Colleges told to raise more cash

19th November 2004 at 00:00
Colleges will have to raise more money from students and industry in the future as the Government cuts back its contribution to the costs of further education.

Charles Clarke, the Education Secretary, has told colleges that his department cannot continue to stump up 80 per cent of colleges' running costs while bills continue to rise.

Last year Mr Clarke hinted to colleges that they would need alternative funding.

This week, at the annual conference of the Association of Colleges in Birmingham, he said that the Learning and Skills Council's difficulties in funding 16-19 expansion have revealed the seriousness of the problem.

The Department for Education and Skills is committed to ensuring colleges are paid to increase the number of 16 to 19-year-olds and adults achieving level 2 (GCSE-equivalent) qualifications.

Speaking at the AoC's conference this week, Mr Clarke told principals they need to "diversify" their sources of funding.

Colleges should also look at generating more income through commercial activities such as consultancy and hiring out facilities. These currently account for 9 per cent of their business in cash terms.

He said: "To really make a lift we need to get more people to say we are going to contribute and we are going to provide resources, as employers, as individuals or what ever it may be.

"It means diversifying income, finding new business and collecting more from fees. The proportion of income from fees and other services needs to increase. Employers need to pay more for the training from which they benefit."

The urgency of the situation was revealed this week when the LSC was told in a letter from Mr Clarke how much money it would be getting for the next three years. The letter, to LSC chairman Chris Banks, shows colleges will need to raise more cash from students or the private sector. Much of the spending planned up to 2008 is being brought forward to pay for the rapid growth in numbers of 16 to 18-year-olds.

There will be 8.1 per cent more cash available next year but only 2.8 per cent in 20067 - an average annual increase of 5 per cent.

Mr Clarke told the AoC that colleges will be expected to work more closely with employers to make sure vocational training improves productivity in the workforce.

He said the new sector skills councils, which represent employers, will have an important role to play in this area. He told the AoC: "These (the sector skills councils) will have greater importance in your work and society as a whole than many people will acknowledge."

Julian Gravatt, finance director of the AoC, said the funding figures for FE compared poorly with universities.

He told FE Focus: "This compares poorly with universities who will get 7 per cent a year.
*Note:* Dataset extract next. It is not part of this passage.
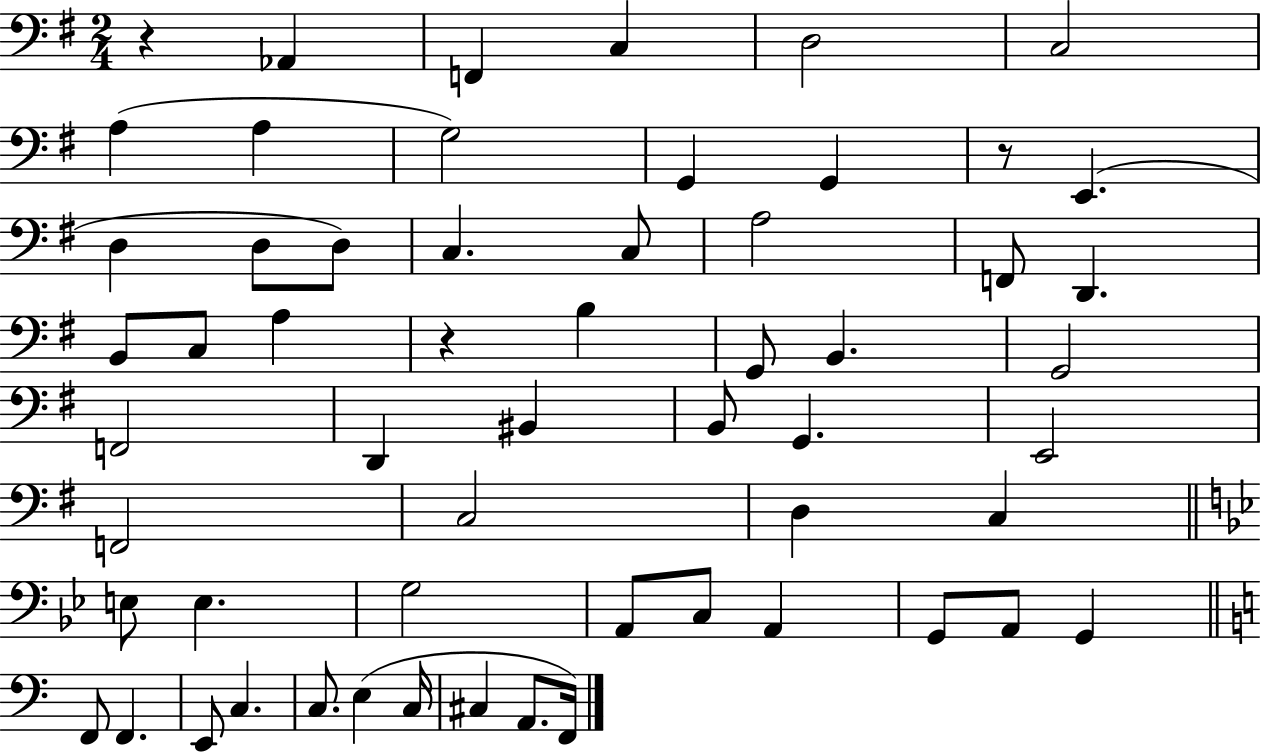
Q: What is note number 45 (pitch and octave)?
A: G2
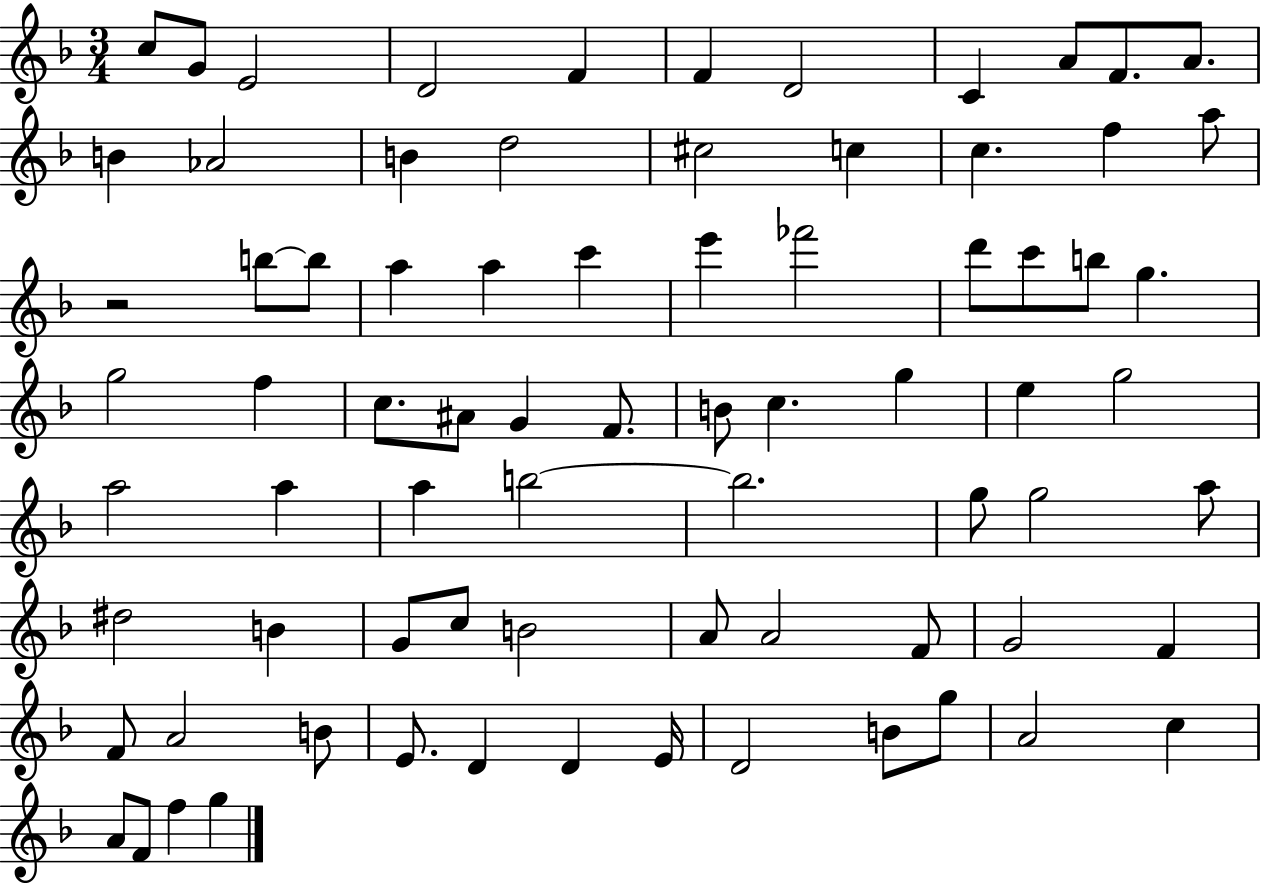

Nearly all of what we get will be required to deal with the 100,000 extra 16 to 18-year-olds. And it will not go very far, particularly if it's spent on the more expensive sixth forms that cost pound;1,000 a student more than colleges. The work of colleges will remain under the microscope for some time to come."

The National Audit Office is looking into college governance while Sir Andrew Foster, chair of the bureaucracy-cutting taskforce, will head an independent FE review.

Mr Clarke's letter puts the LSC under notice to act to make sure that colleges find other funding.